Il Tartarante: ovvero della troppa lentezza a ristorante.2 min read

Non so voi ma io vado a ristorante sempre meno volentieri: non tanto (ma anche) per quello che si mangia ma per le attese snervanti tra un piatto e l’altro. Questo non succede nelle trattorie rabberciate ma soprattutto nei ristoranti di livello, diciamo da una stella Michelin (o 15/20, o 80/100) in su. E non quando il locale è pieno ma anche quando è mezzo vuoto. Oramai pare che si sia arrivati a scambiare l’ospitalità con verbosa amicalità; il servizio curato con lentezza disarmante, i menù di quattro-cinque portate in telenovele inframezzate da pre-antipasti, pre-dessert, pre-caffè etc etc. La cosa può andar bene per chi vuole tirare a far tardi, ma ci sono tanti che vorrebbero mangiare con un certo ritmo e non farsi scorpacciate d’aria tra un piatto e l’altro.Forse è anche colpa di noi giornalisti, che abbiamo paragonato alcuni chef di rango ad artisti di fama mondiale. L’artista ovviamente si prende tutto il tempo che vuole e come lui fanno anche tutti gli altri pseudo artisti, spesso sdoganati dalle guide di settore. Vi giuro che rimpiango l’osteria dove, quasi prima di sederti ti portavano la trippa o il minestrone. Oggi ti siedi ed inizia la manfrina a base di attese, paroline dolci, aperitivi, pre-antipasti, vino che deve essere messo in fresco o cercato in cantina con tempi da scavo etrusco. Tutto questo sotto l’egida e la benedizione papale che abbina il ristorante di livello ad uno spettacolo di arte varia (spesso purtroppo è una tragedia!!!) che si svolge con tempi giustamente (per loro) pachidermici. Scusate, sarò in controtendenza ma lo voglio gridare

“Mangiare bene non vuol dire mettere radici a tavola!” . Noi italiani, che abbiamo creato il piatto più fast del mondo, la pizza, che per secoli ci siamo sfamati in locali che erano la quintessenza del pasto sostanzioso e rapido (le osterie), ora siamo diventati preda di bradipi travestiti da ristoratori.

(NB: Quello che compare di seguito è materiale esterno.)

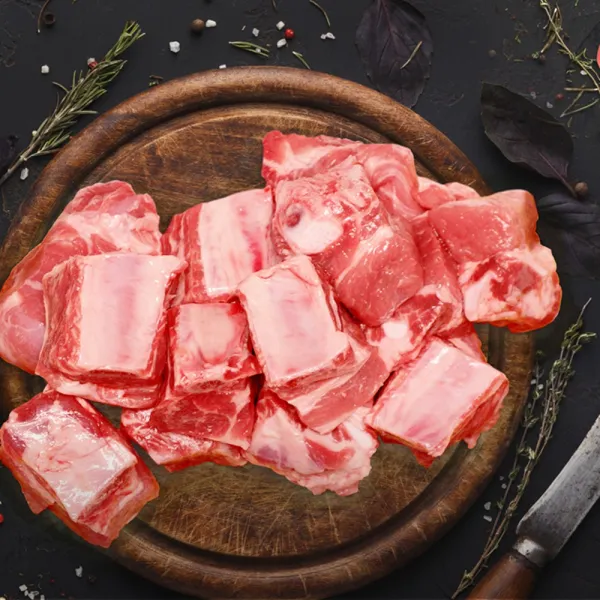 친절정육점 갈비, 1개, 찜용(500g)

Se Slow Food è un’associazione degna di lode oramai LO “slow food” rischia di ucciderci di noia. Non siete d’accordo che anche il piatto più buono si mortifica e si perde se diluito in attese sconfortanti e defatiganti? Oramai quando esci da molti ristorante “di livello” ti senti come Dante quando uscì “a riveder le stelle”.

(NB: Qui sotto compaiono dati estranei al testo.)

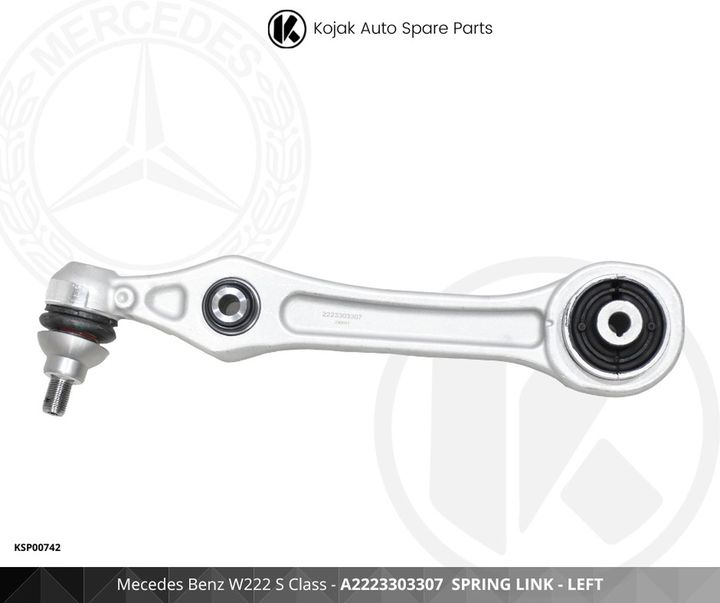 Spring Link Left Mercedes-Benz S-Class W222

Per questo faccio una proposta. Cari ristoratori: nei vostri bei menù mettete un tempo massimo di servizio (ovviamente adeguato ai menù) e per prima cosa chiedete all’avventore se vuole che si rispettino certi tempi (non solo totali ma anche tra una portata e l’altra). Se il cliente vi da carta bianca usate pure tutte le lentezze del caso, ma in caso contrario dovete mantenervi nei tempi o pagare dazio (il 30% del conto potrebbe andare???).

Carlo Macchi

Sono entrato nel campo (appena seminato) dell’enogastronomia nell’anno di grazia 1987. Ho collaborato con le più importanti guide e riviste italiane del settore e, visto che non c’è limite al peggio, anche con qualcuna estera. Faccio parte di quel gruppo di italiani che non si sente realizzato se non ha scritto qualche libro o non ha creato una nuova guida sui vini. Purtroppo sono andato oltre, essendo stato tra i creatori di una trasmissione televisiva sul vino e sul cibo divenuta sicuramente la causa del fallimento di una nota rete nazionale. Riconosco di capire molto poco di vino, per questo ho partecipato a corsi e master ai quattro angoli del mondo tra cui quello per Master of Wine, naturalmente senza riuscire a superarlo. Winesurf è, da più di dieci anni, l’ultima spiaggia: dopo c’è solo Master Chef.